Gelman me pone la mano en el hombro, salgo de mi diálogo ilusorio. Pienso pero no se lo digo:
–Gelman, cómo no te ibas a llamar Juan. La música de una sola sílaba, arrojada.
¿Podría ser ahora, Juan, que suspendiéramos toda palabra dicha en voz alta, dicha en grito o dicha en escritura?
¿Podría ser que nos diéramos aquí mismo un abrazo a pleno sol en la plena noche?
La parte final del diálogo sucedió en el Peugeot 404, modelo 69 (era de mi padre, es el auto en el ando hoy). La ciudad atorada de vehículos y bocinazos.
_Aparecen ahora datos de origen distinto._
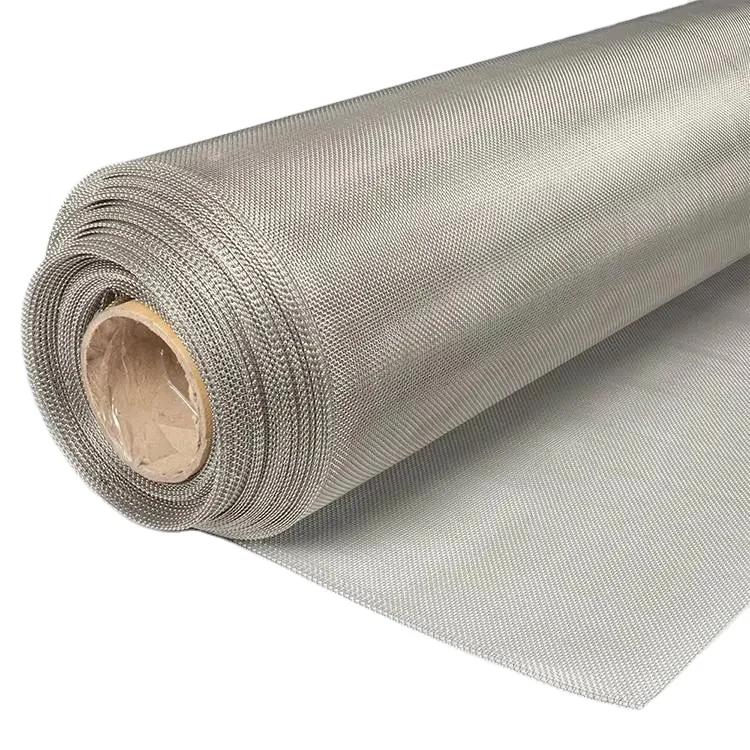 304/316 ss steel wire meshes filter screen 20/40/60 80/100/150/200/300/400 micron filter cloth Stainless Steel woven Wire Mesh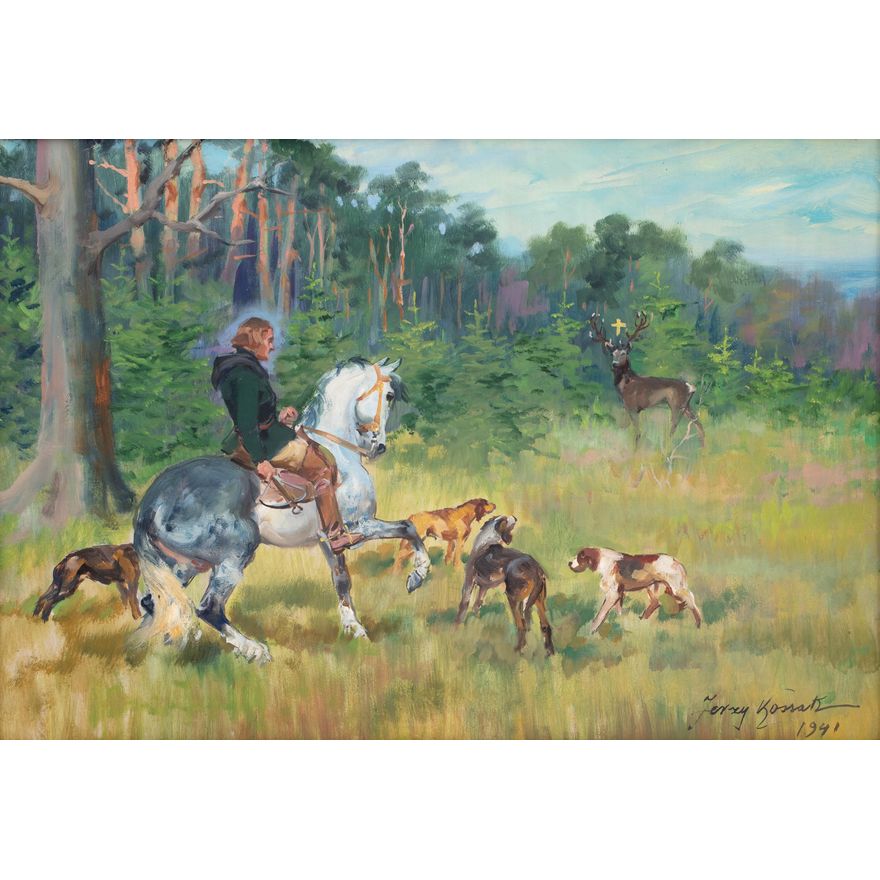 Święty Hubert, 1941 r.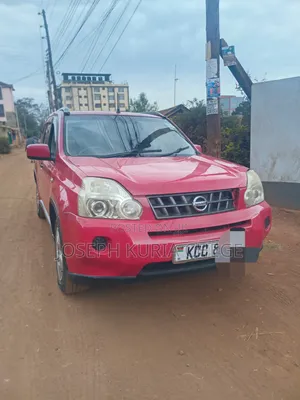 Nissan X-Trail 2010 Maroon
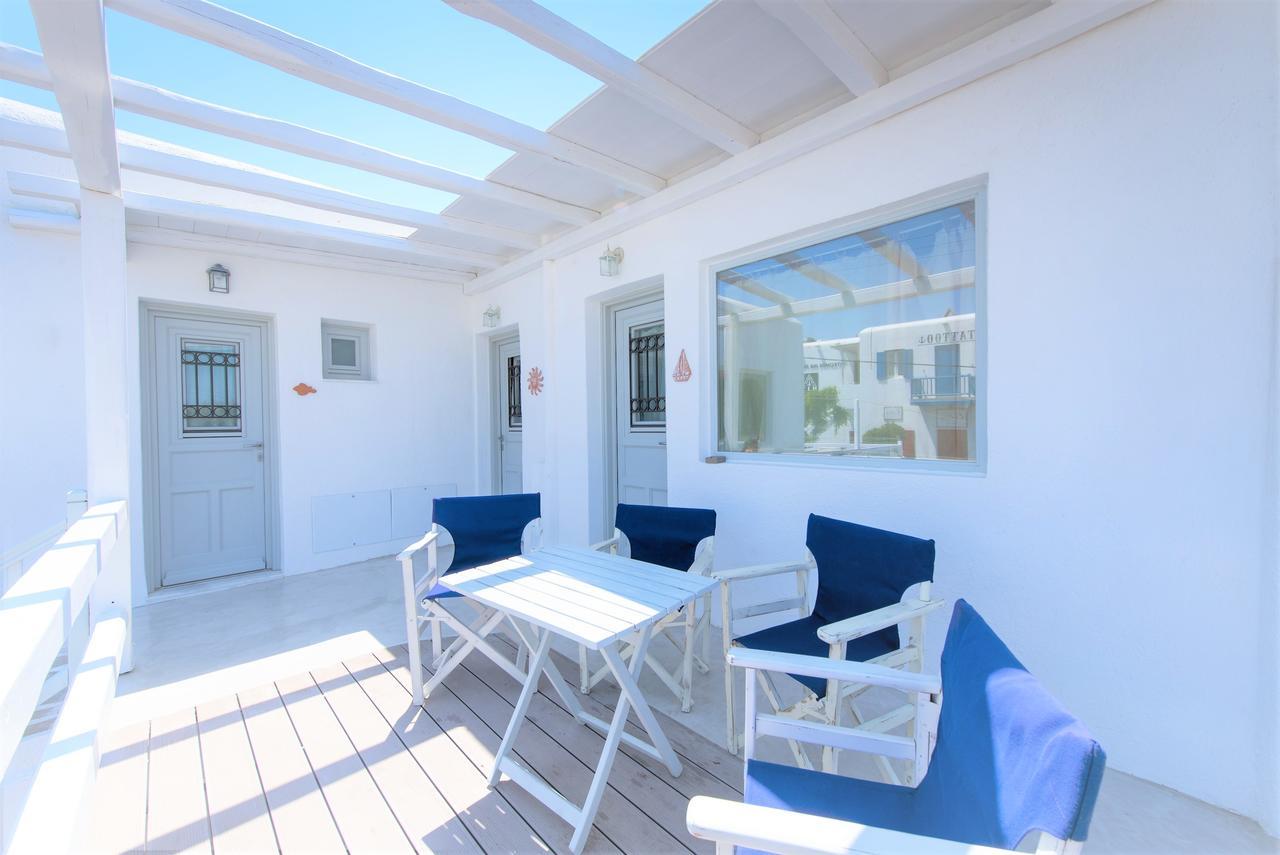 Melesio Studios Mykonos Town Eksteriør bilde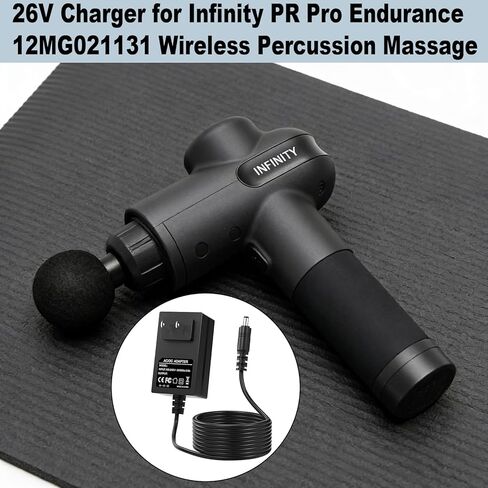 26V Charger for Infinity PR Pro Endurance Compatible with Infinity PR Pro 12MG021131 Massage Gun Wireless Percussion Massager Device Power Adapter Cord in Kuwait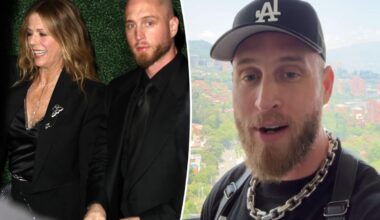 Chet Hanks resurfaces at Oscars party after begging to be 'freed' in Colombia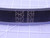SKF PHG B38 HEAT & OIL ANTI STATIC BELT 38 IN T109172
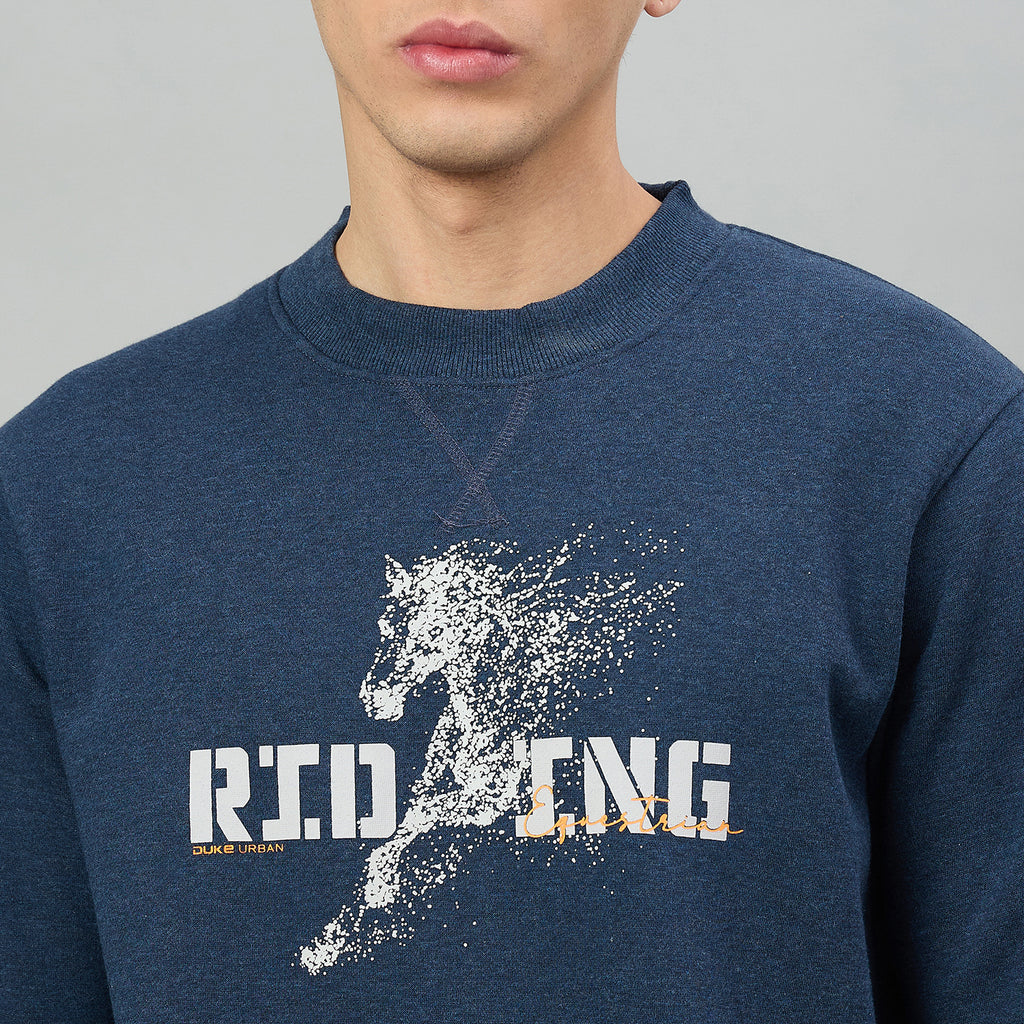 Duke Urban Men Round Neck Full Sleeve Regular Tracksuit (LF6054)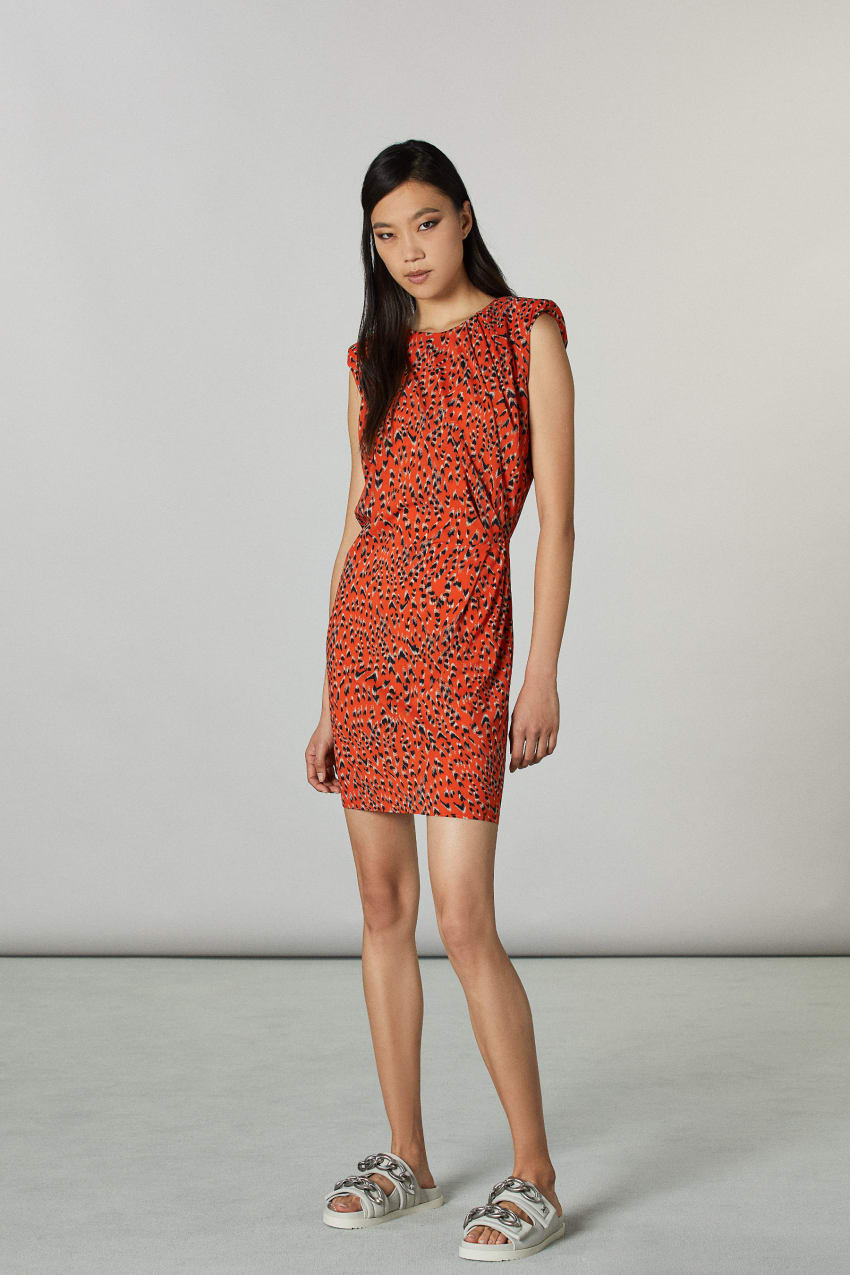 Patrizia pepe red dress top
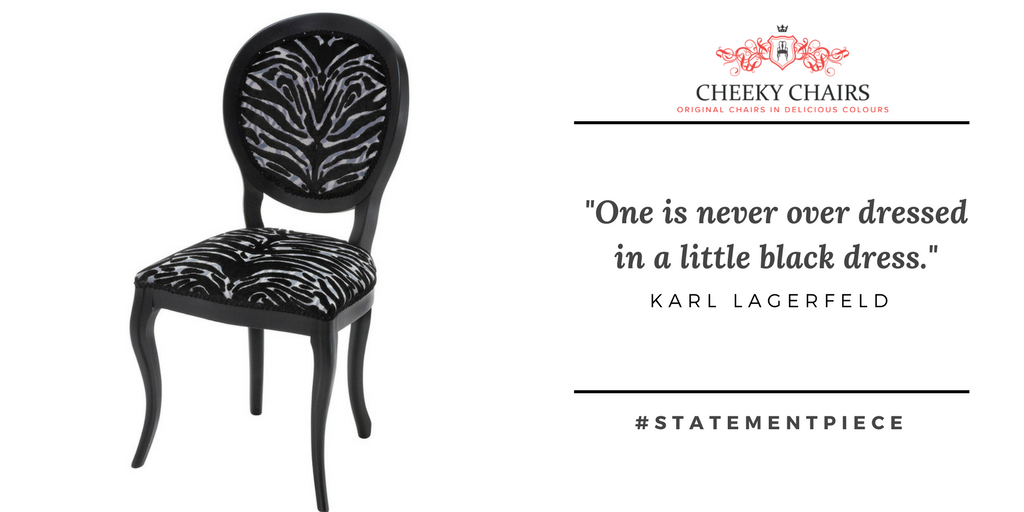 Putting the #fashion into #furniture ow.ly/cAnR30gNZmm 
#cheekychairs #houseoflacroix #velvet #interiors
ow.ly/ObyR30gHcu2
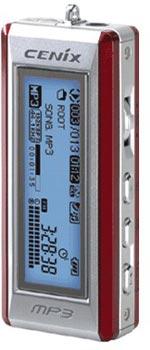 Cenix MP-410T — новый MP3-плеер DDEC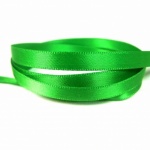 Double Face Satin Ribbon 6mm Emerald- 5m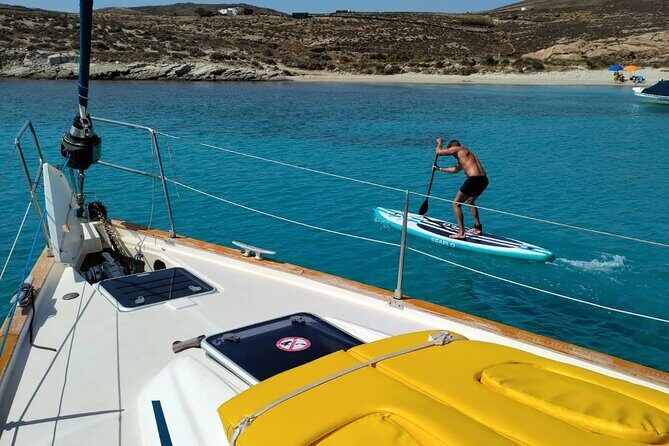 All incl. Rhenia & Sunset at Little Venice, hotel/cruise pickup - Stop 2: Little Venice – Watching the Sunset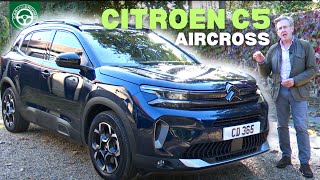 Citroen C5 Aircross 2023  STANDING OUT for good reasons  INDEPTH review [upl. by Borras]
Imperdonable lo mío: empecé con una pregunta grave, y ya el en el auto concluí con otra semejante:
–Juan, recién me dijiste que la muerte te molestaba. No explicaste por qué.
–Porque no me va a permitir que siga queriendo a los que quiero.
Posdata en el 2021
Me sigo retorciendo adentro del interrogante: ¿Cómo, cómo es posible que de pronto se nos muera un tipo así de poeta? Damas y caballeros, la muerte es una broma pesada, muy pesada. Pero –y aquí se viene la coartada del ateo–: ¿quién nos asegura, como andan diciendo, que Gelman se ha muerto de por vida?
Nos queda el consuelo de sentir que el supuesto muerto, nuestro Gelman, sencillamente ahora está respirando de otra manera. El consuelo de saber que el aire tiene más memoria que los humanos y que aquel aire que lo tocó a él, el poeta, es el mismo aire que nos está tocando ahora, a nosotros. Estamos convencidos, entonces, que aire mediante nos estamos tocaaaaaando. Algo más sabemos: que él, el poeta, ahora no descansa en paz, descansa en intensidad.
En fin: convengamos que Juan Gelman es como la Vida: continúa, siempre continúa. Así en la tierra como en la tierra. Por los siglos de los siglos, y después. Hasta la poesía siempre.